In short, if I have to use a machine without tiling WM I feel limited, in the same way I feel limited when :reload or :tabopen dw Slackware doesn't work on a Firefox without Pentadactyl (the latter one is a custom search that looks for Slackware on Distrowatch and opens the result in a separate tab). Or, maybe more common, how many vim users have already sat in front of a Windows machine, editing a file with Notepad and have automatically tried to close the window with <Esc>:wq and then had to think a few seconds why that didn't work?

sycamorex 07-16-2012 04:11 PM

Quote:

Originally Posted by TobiSGD (Post 4729829)
- I disagree with sycamorex on the netbook part, I use i3 on all my machines including the 10" netbook. It makes totally sense, you won't make much use of the tiling features, but the tabbing features are quite handy. Also, again, you can do anything with the keyboard, much more comfortable than to use those tiny touchpads and no menus, docks and window decorations needed that take away the small amount of screenspace you have.

I also use i3 on my netbook. I just don't see that it's much more beneficial than running eg. fluxbox on it. The tabbed mode here is not much different than Alt+Tab in other environments and Fluxbox can also be controlled only with the keyboard.

Generally, the bigger the display (and the bigger the number of displays), the more sense it makes to use a tiling WM.

TobiSGD 07-16-2012 04:22 PM

Quote:

Originally Posted by sycamorex (Post 4729862)
I also use i3 on my netbook. I just don't see that it's much more beneficial than running eg. fluxbox on it. The tabbed mode here is not much different than Alt+Tab in other environments and Fluxbox can also be controlled only with the keyboard.

Haven't tried that, so I can't comment on that. For me it just very beneficial that I can run exactly the same configuration on all my machines, so I don't have to adapt to a different setting or even a different WM on one of the machines.
of course tiling makes more sense when you use larger screens.

audriusk 07-16-2012 05:09 PM

Quote:

Originally Posted by TobiSGD (Post 4729829)
Or, maybe more common, how many vim users have already sat in front of a Windows machine, editing a file with Notepad and have automatically tried to close the window with <Esc>:wq and then had to think a few seconds why that didn't work?

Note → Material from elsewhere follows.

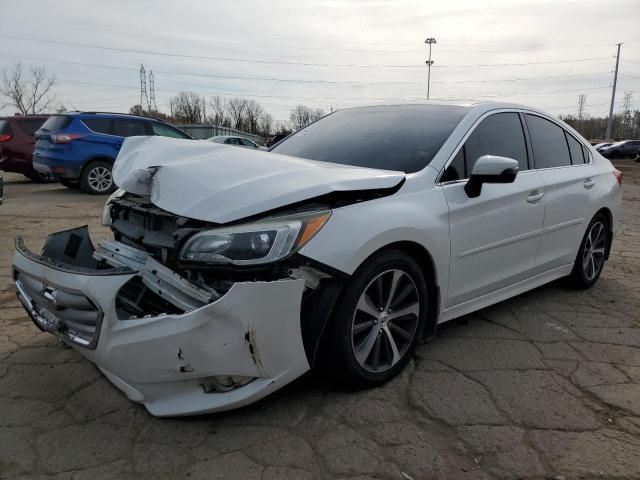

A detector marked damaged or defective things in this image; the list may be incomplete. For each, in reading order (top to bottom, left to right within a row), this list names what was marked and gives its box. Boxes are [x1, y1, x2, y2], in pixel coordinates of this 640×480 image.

This reminded me how I needed to type some math formulas in OpenOffice Writer the same year I started using Vim. After typing the formula I would quickly hit <ESC> without thinking... :doh: Took me at least twice as long to finish the document. Nowadays I am able to switch my brain to a different "mode" while typing text not inside Vim, unfortunately, sometimes I manage to press ^W to delete last word, which works great in terminals (and insert mode in Vim), but does something completely different in browsers and other GUI programs. Great way to "clear" all the form fields in some webpage. :)

As for tiling WMs, I would like to try them out some day, but I feel too comfortable with KDE to switch to something else entirely.